Annus horribilis 2020 marches to its own drumbeat of ever-worsening news, day after grim day. Earth suddenly feels small, like a crowded cocktail party nobody can leave. It’s enough to make even the sternest among us wonder how much worse things can get.
Here’s a pro-tip. Don’t ask yourself this question, for deep down you already know the answer. It can always get worse. If naturalism teaches anything, it’s that in the great literary conflict of man versus nature, nature is undefeated. Bad things aren’t happening to us. They’re just happening.
Recently I fell for the fatuous feint. During an early morning run, I self-pityingly wondered whether we had hit rock bottom. Later over breakfast, a perusal of the morning’s headlines confirmed my folly.
You see, a squirrel found in Colorado has tested positive, not for the coronavirus, mind you, but the bubonic plague. That’s right. Bushy-the-Squirrel has the Plague.
It happened in Morrison, a town just outside Denver. This means a little critter is afoot who likely approached park benches possessed of both an abiding love of acorns and the Black Death. The mayor’s spit-take on hearing this news over morning coffee was surely one for the ages.
Local politics aside, this squirrely development in already grim times revealed how little I actually know about infectious diseases. I was sure we had licked the medieval contagion in, well, medieval times.
Not so much, as it turns out. The bubonic plague wiped out fifty million people in the 14th century, laid low for a couple hundred years and now is back waging a proxy war on Rocky Mountain squirrels.
The story also revealed how unaware I am of the modern state of rodent health care. I had no idea we catered to these varmints, figuring the expression “even a blind squirrel finds a nut once in a while” spoke to our policy of salutary neglect. This diagnosis was made in what, a squirrel minute-clinic?

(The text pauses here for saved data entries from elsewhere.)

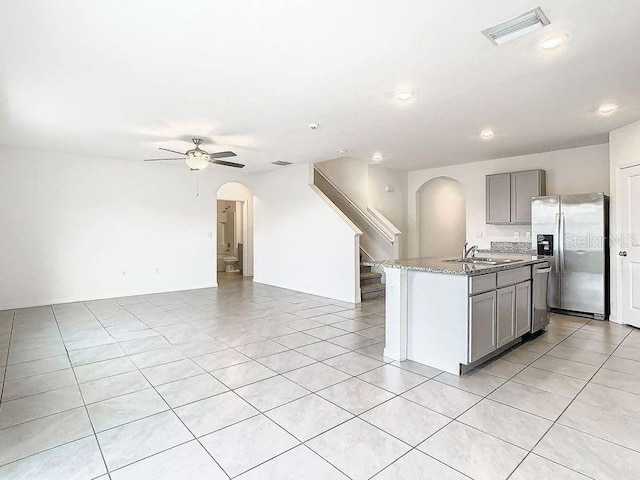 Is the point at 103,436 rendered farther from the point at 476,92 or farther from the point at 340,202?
the point at 340,202

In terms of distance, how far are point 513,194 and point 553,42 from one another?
162 inches

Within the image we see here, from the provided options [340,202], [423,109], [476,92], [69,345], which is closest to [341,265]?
[340,202]

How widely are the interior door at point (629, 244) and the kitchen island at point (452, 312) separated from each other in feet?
6.50

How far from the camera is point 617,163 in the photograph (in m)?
4.64

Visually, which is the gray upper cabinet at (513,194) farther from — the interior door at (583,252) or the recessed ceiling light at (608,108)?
the recessed ceiling light at (608,108)

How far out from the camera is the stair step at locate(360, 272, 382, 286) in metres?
6.64

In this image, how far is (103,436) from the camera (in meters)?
2.14

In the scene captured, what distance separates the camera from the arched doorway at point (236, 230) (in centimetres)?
964

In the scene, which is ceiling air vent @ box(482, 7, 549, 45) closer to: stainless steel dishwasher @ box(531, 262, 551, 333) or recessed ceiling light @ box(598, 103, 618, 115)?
recessed ceiling light @ box(598, 103, 618, 115)

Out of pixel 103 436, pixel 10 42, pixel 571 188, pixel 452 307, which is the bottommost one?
pixel 103 436

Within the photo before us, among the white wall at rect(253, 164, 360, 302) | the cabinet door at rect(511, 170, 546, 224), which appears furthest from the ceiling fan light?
the cabinet door at rect(511, 170, 546, 224)

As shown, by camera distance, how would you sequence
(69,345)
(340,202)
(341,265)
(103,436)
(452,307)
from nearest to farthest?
(103,436) → (452,307) → (69,345) → (341,265) → (340,202)

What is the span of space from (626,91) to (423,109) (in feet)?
6.19

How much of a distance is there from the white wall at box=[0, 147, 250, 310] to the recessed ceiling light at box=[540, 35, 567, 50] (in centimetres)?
651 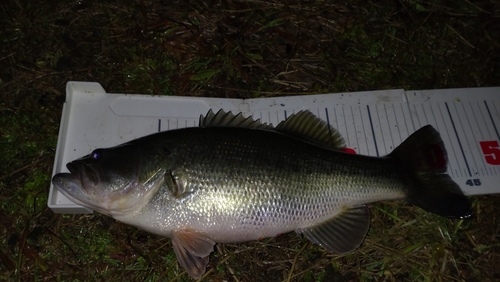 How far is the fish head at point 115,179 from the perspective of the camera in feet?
7.34

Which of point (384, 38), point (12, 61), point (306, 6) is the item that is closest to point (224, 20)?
point (306, 6)

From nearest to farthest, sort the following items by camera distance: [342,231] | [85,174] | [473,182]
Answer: [85,174] < [342,231] < [473,182]

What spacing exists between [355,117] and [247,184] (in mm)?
1258

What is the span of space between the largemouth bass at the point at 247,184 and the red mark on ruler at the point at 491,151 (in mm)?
658

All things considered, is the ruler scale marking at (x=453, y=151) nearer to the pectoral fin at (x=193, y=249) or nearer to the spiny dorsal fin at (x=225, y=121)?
the spiny dorsal fin at (x=225, y=121)

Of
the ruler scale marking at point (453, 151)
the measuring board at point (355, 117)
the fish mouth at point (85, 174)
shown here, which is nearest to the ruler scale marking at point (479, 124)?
the measuring board at point (355, 117)

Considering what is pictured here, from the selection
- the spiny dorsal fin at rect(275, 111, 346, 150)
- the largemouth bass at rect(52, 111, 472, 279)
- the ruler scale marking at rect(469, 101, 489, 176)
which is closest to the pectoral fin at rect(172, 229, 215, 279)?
the largemouth bass at rect(52, 111, 472, 279)

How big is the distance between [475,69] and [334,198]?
2060 millimetres

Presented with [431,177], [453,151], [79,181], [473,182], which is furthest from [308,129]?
[79,181]

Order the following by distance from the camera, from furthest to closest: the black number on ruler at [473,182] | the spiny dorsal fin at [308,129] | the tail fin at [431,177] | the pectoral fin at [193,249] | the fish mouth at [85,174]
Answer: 1. the black number on ruler at [473,182]
2. the spiny dorsal fin at [308,129]
3. the tail fin at [431,177]
4. the pectoral fin at [193,249]
5. the fish mouth at [85,174]

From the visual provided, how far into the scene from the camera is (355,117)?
10.2ft

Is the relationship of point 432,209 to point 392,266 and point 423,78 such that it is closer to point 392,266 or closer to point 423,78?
point 392,266

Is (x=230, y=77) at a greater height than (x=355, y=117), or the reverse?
(x=230, y=77)

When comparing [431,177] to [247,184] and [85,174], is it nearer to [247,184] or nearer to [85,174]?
[247,184] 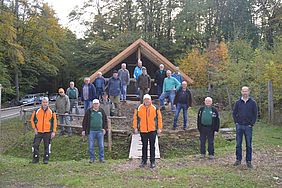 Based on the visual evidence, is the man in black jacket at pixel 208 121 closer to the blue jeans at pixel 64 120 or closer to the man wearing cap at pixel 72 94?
the blue jeans at pixel 64 120

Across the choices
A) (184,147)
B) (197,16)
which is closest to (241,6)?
(197,16)

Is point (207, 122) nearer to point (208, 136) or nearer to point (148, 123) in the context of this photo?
point (208, 136)

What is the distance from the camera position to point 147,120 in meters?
8.88

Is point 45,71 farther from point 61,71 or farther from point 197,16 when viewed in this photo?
point 197,16

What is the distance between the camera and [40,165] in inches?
372

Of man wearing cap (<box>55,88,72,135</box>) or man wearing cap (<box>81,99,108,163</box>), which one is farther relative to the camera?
man wearing cap (<box>55,88,72,135</box>)

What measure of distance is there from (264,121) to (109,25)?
91.3ft

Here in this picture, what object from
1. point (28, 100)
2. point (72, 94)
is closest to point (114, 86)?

Most of all, the gnawer news shamed me for making me forget from my childhood an Irish proverb I can still hear my mother say: There’s nothing so bad that it couldn’t be worse.

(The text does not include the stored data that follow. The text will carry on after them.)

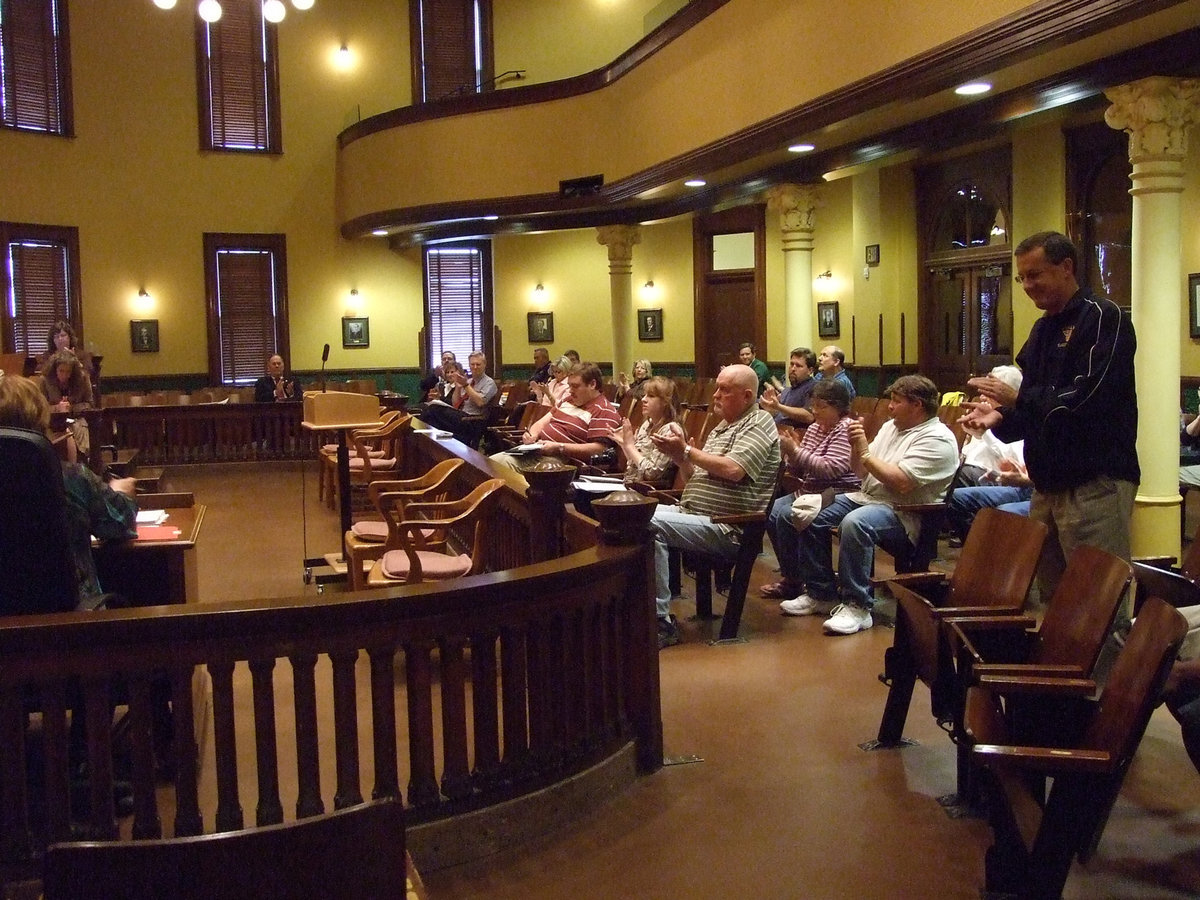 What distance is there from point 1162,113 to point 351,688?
553 cm

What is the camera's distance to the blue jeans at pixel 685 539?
5008 millimetres

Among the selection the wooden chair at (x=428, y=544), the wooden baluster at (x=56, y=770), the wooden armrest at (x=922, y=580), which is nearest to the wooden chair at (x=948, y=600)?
the wooden armrest at (x=922, y=580)

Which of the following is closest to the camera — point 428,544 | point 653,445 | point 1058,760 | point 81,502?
point 1058,760

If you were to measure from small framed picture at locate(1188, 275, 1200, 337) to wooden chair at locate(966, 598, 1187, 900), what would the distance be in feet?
23.3

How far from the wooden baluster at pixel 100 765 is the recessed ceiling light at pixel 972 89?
6.24 m

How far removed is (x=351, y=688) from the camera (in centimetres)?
288

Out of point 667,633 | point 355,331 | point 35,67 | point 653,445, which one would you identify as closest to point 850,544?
point 667,633

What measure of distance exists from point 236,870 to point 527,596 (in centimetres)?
177

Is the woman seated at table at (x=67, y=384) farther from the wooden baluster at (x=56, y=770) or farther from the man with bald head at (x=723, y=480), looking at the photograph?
the wooden baluster at (x=56, y=770)

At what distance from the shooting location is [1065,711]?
9.16 feet

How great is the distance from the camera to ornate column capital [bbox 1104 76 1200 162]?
248 inches

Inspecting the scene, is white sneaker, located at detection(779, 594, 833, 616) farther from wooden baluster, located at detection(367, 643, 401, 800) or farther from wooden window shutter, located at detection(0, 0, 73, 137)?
wooden window shutter, located at detection(0, 0, 73, 137)

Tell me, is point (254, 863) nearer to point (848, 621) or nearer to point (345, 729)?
point (345, 729)

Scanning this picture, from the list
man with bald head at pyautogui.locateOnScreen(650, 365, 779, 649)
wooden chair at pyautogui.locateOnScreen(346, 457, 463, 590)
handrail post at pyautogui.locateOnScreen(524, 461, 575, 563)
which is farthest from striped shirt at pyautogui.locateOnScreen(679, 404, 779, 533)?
wooden chair at pyautogui.locateOnScreen(346, 457, 463, 590)
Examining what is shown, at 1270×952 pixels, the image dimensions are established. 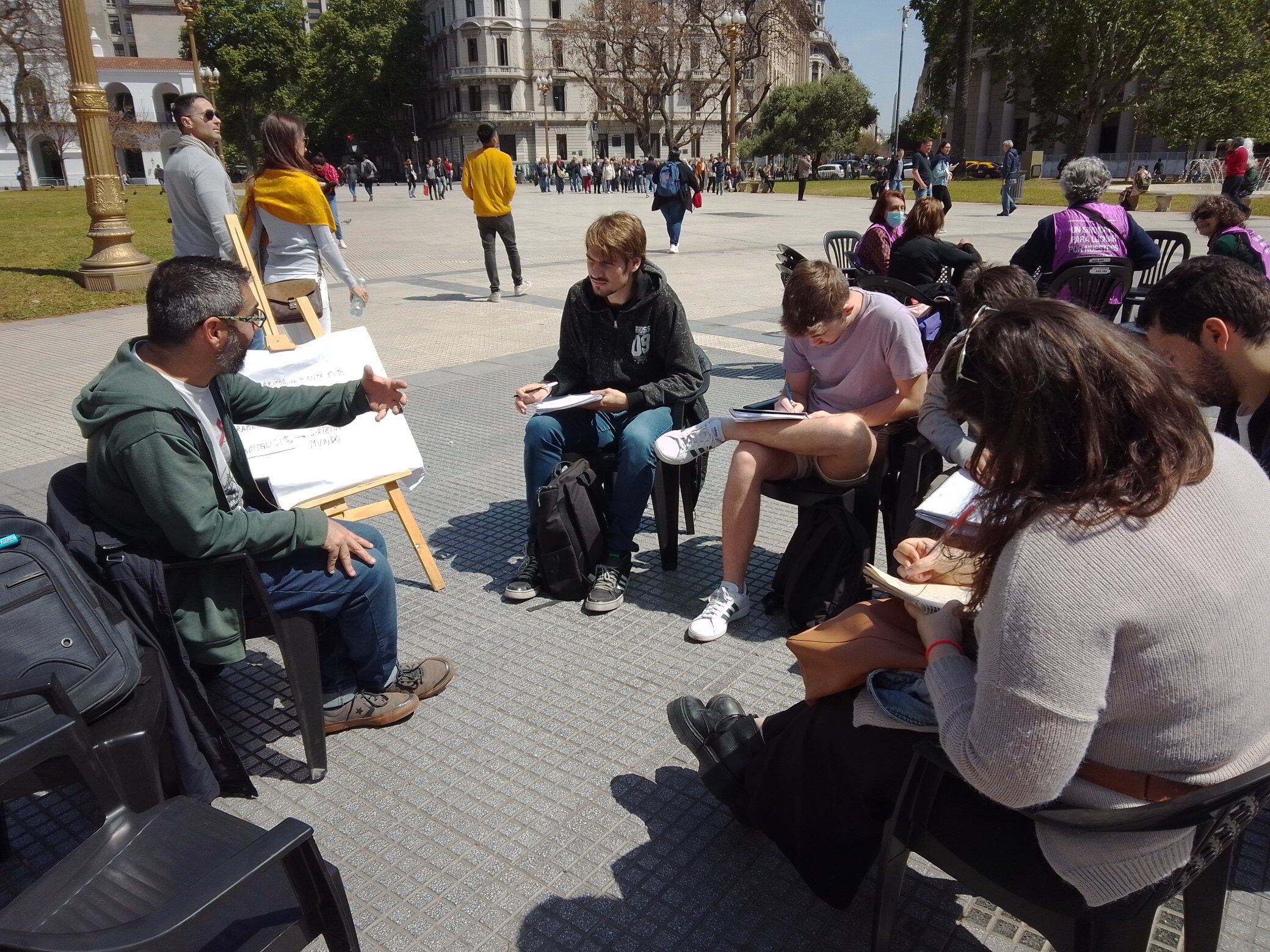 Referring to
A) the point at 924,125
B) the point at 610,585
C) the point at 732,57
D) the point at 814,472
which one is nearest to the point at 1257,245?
the point at 814,472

That’s the right outlook, I think, for today’s times. Sure, scientists may point out how rodents in rural areas often carry the bacteria that causes plague. But in 2020 – when the saying “you’re not paranoid if everyone really is out to get you” was never truer – I’m not taking any chances.
My advice this year? Hope for the best but expect the worst. And maintain social distance from squirrels, at least for the time being.